**Task details**
Produce exactly the lines from the one holding "-Tloml salon" through the last line of the data below, with every picture left out.

**Records shown**

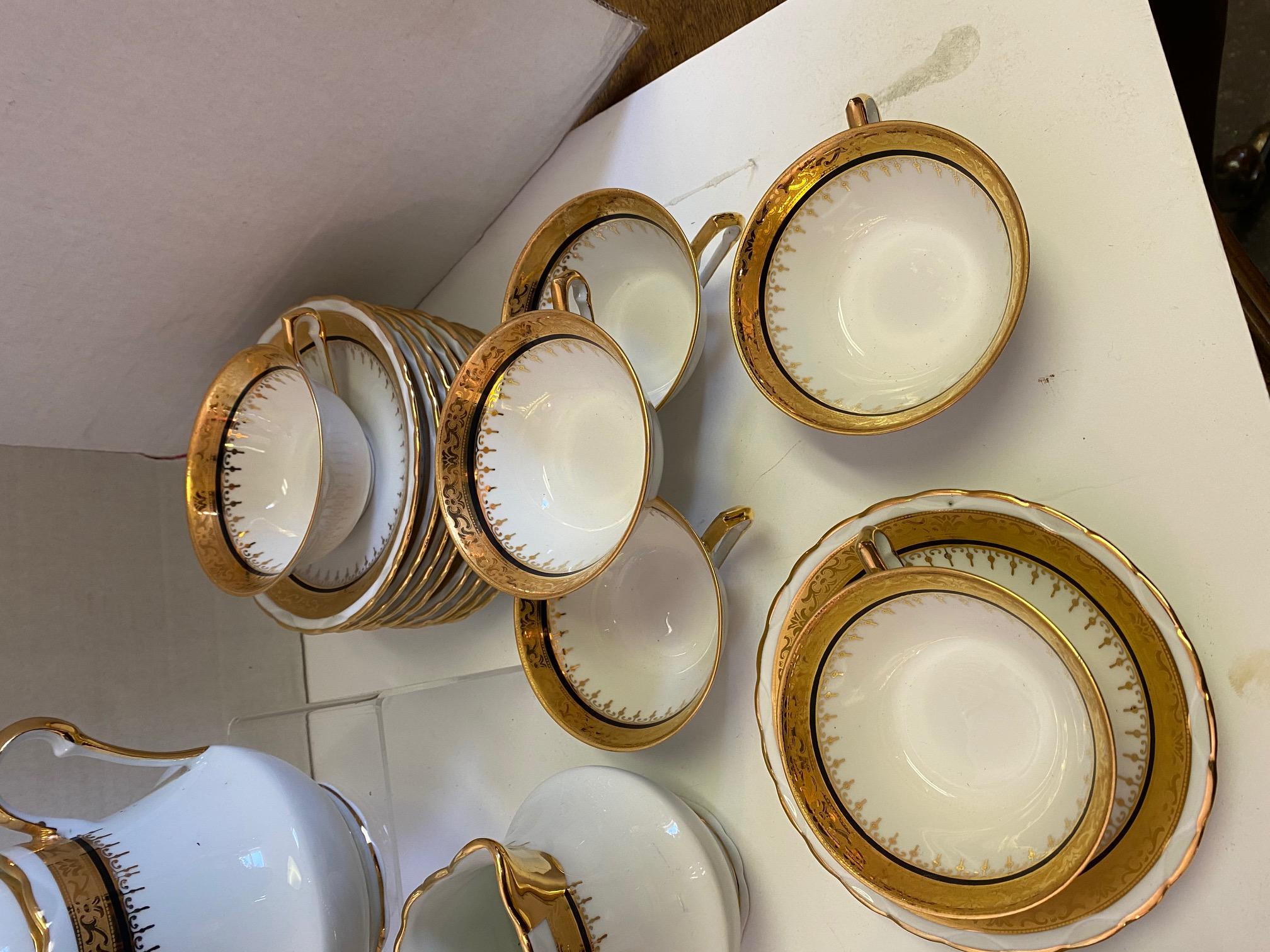 20th Century Vintage French Porcelain Tea Set, 28 Pieces For Sale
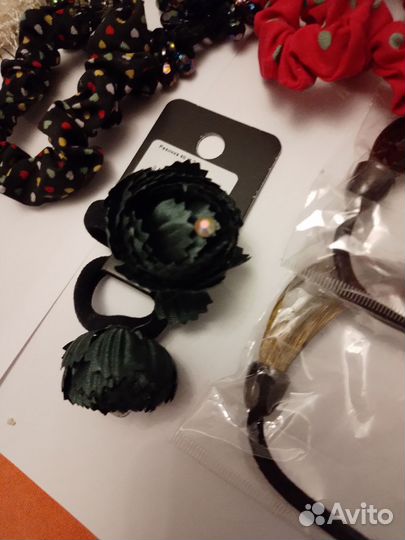 Заколки, резинки, ободки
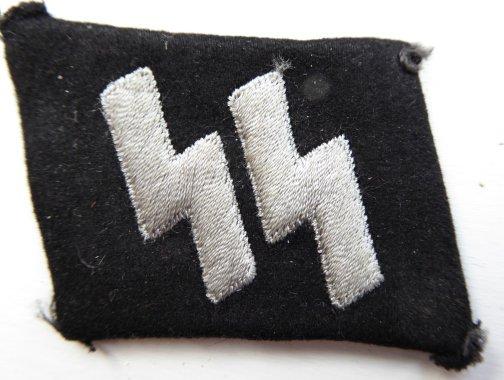 EARLY WAR SS MACHINE EMBROIDERED RUNIC TAB. 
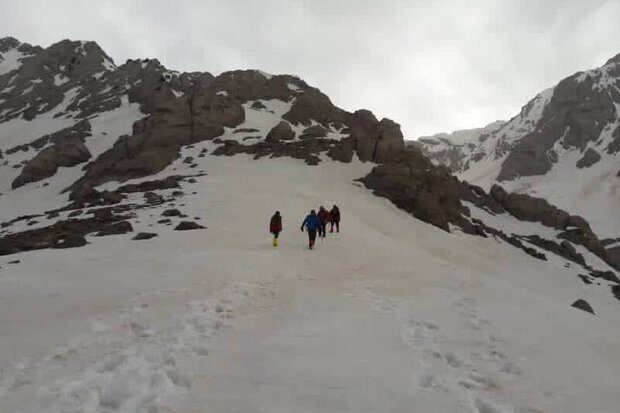 نجات جان ۲ کوهنورد همدانی در قله «کول جنو» اشترانکوه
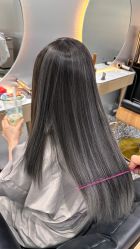 -Tloml salon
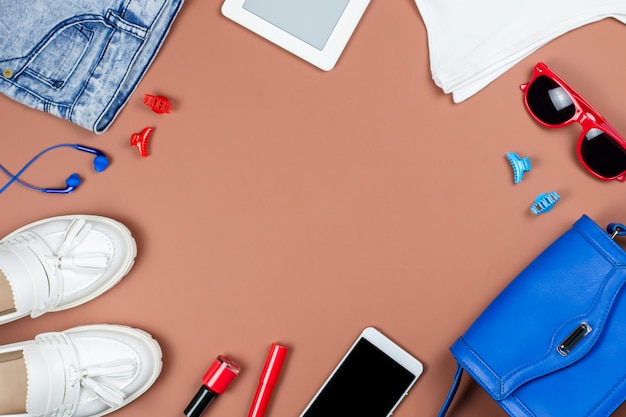 Accessoires et vêtements femme aux couleurs rouge et bleu sur un neutraltable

**Output for this exercise**
 -Tloml salon
 Accessoires et vêtements femme aux couleurs rouge et bleu sur un neutraltable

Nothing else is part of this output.